# No gloves for Frank Schleck in LBL



## twinkles (Apr 23, 2007)

Why would a pro rider race without gloves? The downside is so big, considering how often the peloton goes boom. You eat it going 30 mph, and you hands are handburger. I can understand one of us riding without gloves, but a guy who's livelihood relies on them being on their bike 20+ hours a week? Maybe it's more common than I realize, but it makes no sense to me.


----------



## alexb618 (Aug 24, 2006)

sometimes people don't feel like wearing gloves, simple as that


----------



## orange_julius (Jan 24, 2003)

twinkles said:


> Why would a pro rider race without gloves? The downside is so big, considering how often the peloton goes boom. You eat it going 30 mph, and you hands are handburger. I can understand one of us riding without gloves, but a guy who's livelihood relies on them being on their bike 20+ hours a week? Maybe it's more common than I realize, but it makes no sense to me.

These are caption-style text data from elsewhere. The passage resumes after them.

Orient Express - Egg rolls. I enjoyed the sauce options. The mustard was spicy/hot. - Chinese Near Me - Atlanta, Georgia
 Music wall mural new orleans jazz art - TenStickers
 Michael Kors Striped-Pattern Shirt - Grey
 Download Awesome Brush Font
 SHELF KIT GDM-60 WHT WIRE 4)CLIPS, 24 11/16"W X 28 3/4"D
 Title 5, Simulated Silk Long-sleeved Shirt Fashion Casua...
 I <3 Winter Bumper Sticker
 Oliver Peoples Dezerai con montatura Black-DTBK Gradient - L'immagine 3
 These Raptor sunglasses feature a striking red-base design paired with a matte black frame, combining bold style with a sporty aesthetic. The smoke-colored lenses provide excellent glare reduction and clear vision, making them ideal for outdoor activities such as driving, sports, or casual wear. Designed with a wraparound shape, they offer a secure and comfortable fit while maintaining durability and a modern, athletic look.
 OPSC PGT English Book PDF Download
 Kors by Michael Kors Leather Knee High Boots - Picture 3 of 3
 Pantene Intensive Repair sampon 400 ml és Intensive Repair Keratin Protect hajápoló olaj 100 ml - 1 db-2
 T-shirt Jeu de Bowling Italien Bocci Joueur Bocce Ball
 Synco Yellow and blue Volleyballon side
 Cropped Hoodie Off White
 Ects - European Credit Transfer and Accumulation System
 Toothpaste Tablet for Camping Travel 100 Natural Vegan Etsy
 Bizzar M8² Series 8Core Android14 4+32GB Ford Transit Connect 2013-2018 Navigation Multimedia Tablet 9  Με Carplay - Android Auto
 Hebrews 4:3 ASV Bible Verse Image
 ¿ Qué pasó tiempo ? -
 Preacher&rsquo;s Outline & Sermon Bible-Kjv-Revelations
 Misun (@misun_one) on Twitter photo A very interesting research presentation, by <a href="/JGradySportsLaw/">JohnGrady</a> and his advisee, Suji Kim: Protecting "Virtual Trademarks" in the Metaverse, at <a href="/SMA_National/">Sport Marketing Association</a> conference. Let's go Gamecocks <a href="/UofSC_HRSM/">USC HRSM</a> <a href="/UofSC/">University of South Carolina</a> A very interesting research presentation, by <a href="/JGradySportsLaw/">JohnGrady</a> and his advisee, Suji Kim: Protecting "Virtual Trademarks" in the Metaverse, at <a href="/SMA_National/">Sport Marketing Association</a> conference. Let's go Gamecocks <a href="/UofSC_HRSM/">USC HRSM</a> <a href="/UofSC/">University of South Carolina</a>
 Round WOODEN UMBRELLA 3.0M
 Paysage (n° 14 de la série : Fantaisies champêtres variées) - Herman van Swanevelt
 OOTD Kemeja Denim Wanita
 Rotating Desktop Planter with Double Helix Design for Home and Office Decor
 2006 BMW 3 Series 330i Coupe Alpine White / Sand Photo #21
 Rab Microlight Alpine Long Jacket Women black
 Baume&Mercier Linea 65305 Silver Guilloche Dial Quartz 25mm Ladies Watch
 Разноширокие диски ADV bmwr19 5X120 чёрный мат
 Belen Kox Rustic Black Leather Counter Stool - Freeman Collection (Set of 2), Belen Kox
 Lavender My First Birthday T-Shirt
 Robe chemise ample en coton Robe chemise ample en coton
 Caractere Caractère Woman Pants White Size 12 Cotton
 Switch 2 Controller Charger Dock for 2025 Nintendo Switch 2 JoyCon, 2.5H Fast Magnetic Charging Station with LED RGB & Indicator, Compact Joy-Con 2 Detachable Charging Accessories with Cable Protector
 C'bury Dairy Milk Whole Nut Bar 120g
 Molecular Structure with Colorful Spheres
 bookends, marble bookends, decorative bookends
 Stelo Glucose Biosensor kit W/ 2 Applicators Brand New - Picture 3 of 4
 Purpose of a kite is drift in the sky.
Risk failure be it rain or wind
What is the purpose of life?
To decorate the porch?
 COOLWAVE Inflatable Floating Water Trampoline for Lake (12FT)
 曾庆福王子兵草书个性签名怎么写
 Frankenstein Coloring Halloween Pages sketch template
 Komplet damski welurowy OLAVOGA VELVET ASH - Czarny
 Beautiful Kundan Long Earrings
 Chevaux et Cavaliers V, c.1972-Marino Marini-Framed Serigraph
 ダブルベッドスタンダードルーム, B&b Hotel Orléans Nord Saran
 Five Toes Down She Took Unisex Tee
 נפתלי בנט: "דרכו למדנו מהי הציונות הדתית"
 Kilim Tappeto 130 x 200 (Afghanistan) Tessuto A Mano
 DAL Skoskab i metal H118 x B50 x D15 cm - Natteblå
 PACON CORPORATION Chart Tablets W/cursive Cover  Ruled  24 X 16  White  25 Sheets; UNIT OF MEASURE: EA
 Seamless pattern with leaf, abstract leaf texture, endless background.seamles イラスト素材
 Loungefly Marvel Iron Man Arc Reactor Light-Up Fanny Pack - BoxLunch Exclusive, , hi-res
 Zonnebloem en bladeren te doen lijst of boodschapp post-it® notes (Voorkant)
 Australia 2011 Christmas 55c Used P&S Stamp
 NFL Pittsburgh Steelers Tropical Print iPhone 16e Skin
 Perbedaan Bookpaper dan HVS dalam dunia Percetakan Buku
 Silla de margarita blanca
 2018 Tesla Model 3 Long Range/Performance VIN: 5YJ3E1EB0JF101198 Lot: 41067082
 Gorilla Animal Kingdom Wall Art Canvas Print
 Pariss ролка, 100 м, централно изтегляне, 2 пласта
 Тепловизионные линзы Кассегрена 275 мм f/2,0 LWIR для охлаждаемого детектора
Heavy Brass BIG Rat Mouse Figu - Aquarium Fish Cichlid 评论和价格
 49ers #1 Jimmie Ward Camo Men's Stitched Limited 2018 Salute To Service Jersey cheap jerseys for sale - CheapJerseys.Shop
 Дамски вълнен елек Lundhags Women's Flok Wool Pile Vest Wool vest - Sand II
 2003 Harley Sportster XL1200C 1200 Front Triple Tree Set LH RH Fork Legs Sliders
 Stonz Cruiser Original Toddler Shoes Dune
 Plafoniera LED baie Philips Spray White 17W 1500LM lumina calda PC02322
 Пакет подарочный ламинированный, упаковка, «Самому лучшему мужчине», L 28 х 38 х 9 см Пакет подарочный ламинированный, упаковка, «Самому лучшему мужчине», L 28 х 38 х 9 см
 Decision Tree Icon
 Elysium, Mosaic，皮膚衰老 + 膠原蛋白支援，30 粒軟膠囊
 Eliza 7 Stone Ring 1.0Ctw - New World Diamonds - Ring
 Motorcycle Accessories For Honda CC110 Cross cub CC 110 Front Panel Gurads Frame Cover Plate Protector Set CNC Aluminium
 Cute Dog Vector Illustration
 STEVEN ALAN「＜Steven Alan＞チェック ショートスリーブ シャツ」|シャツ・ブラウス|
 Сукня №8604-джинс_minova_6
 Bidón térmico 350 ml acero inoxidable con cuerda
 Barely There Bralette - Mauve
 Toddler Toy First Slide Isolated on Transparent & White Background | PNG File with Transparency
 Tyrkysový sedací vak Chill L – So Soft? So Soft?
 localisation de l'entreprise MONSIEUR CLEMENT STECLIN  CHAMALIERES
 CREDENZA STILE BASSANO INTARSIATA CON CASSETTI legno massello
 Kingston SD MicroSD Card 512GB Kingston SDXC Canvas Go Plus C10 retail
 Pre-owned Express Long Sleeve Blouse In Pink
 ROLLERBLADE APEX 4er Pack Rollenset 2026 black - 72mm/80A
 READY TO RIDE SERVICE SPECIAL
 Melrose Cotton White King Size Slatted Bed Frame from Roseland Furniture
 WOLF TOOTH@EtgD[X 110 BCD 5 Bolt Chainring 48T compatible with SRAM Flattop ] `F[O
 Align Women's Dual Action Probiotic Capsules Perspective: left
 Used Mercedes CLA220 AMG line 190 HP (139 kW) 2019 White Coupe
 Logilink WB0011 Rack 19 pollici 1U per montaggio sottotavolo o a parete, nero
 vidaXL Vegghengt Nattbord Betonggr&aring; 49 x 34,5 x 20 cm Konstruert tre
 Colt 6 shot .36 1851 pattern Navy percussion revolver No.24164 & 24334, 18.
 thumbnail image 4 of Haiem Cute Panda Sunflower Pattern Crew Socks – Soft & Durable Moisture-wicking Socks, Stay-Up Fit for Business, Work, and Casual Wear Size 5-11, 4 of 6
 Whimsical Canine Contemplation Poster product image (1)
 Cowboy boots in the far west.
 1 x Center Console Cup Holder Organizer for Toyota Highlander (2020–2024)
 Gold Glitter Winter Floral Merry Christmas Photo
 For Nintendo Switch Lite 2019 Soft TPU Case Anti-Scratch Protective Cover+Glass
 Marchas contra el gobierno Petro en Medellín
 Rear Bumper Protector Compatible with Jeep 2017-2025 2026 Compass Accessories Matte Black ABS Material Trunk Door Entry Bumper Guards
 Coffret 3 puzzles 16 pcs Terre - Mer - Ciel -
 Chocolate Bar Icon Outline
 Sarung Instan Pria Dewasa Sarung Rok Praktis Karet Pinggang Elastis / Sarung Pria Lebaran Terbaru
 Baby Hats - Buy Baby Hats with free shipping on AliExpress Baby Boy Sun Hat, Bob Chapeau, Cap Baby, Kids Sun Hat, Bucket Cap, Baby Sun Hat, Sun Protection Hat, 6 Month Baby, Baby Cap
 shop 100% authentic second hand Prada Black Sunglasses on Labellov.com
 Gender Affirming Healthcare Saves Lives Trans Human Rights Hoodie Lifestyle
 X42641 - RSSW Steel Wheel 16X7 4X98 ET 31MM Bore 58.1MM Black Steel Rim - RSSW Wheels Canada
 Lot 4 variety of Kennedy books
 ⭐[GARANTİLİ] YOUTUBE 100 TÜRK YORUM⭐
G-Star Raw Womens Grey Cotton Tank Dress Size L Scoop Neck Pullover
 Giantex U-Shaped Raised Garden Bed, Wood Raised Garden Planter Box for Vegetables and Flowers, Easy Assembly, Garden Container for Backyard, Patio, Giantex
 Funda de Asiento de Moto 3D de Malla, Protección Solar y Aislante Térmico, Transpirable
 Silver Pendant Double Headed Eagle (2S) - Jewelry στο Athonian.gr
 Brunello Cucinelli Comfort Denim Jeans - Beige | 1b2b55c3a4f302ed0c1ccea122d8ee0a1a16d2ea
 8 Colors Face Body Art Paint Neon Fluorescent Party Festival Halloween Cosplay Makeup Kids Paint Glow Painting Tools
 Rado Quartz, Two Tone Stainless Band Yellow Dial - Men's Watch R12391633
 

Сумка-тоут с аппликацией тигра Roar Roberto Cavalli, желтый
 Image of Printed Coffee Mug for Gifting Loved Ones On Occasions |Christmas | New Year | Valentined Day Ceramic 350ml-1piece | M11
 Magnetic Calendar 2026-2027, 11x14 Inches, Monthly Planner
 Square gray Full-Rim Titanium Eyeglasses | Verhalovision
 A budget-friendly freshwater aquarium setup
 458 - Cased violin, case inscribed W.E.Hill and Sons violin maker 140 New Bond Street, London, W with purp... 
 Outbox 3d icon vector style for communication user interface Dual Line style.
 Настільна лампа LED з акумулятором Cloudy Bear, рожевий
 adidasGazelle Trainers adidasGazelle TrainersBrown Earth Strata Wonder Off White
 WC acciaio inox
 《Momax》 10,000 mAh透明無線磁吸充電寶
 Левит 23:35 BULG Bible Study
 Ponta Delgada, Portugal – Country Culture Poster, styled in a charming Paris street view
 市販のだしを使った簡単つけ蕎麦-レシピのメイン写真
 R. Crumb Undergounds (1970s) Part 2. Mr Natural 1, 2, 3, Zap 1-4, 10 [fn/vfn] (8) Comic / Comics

Very timely question, this was asked on VeloNews just weeks ago:

http://velonews.competitor.com/2011...-why-white-tape-why-no-gloves-and-more_167777


----------



## climbinthebigring (Mar 13, 2011)

Most of the time a rider crashes it seems they are trained to slide on thier back our side and save their limbs from injury. I would say that they don't really need them if they don't stick there hands out to break a fall, and it seems as if most of the time they don't have time to do that anyway. I don't ride with gloves because they make my hands all hot and sweaty and I can't stand that. I don't even ride MTB with gloves.


----------



## 32and3cross (Feb 28, 2005)

I think just don't like the feel answer is the correct one. I hated gloves and still ride with out them alot but I never race with out them any more after sliding out in a crit and ripping my hand to shreds whic was a real problem for using a mouse or track ball at work. After that I race all crits in full finger gloves and road races in regular or even full fingerd gloves tho it did take me awhile to find ones that worked well for me. My hands have been saved injury in later crashes because of it.


----------



## Creakyknees (Sep 21, 2003)

I also saw guys in Paris Roubaix with no gloves... hey you gotta keep in mind these are mostly 20-something kids who, if you see their off-the-bike pix, are a lot of fashion victims.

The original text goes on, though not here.